→ **Material provided**
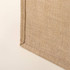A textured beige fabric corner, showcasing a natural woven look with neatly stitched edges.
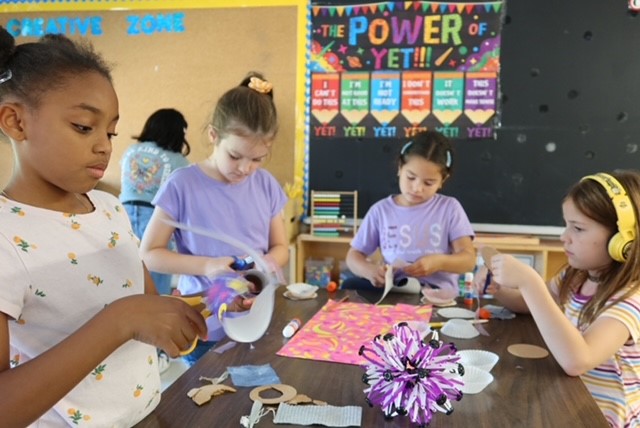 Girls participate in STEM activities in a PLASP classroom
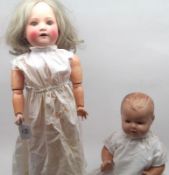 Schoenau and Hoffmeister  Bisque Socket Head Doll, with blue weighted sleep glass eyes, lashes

→ **Description of the task**
Please repeat the data verbatim and leave the pictures out of your copy.

→ **Task response**
A textured beige fabric corner, showcasing a natural woven look with neatly stitched edges.
 Girls participate in STEM activities in a PLASP classroom
 Schoenau and Hoffmeister  Bisque Socket Head Doll, with blue weighted sleep glass eyes, lashes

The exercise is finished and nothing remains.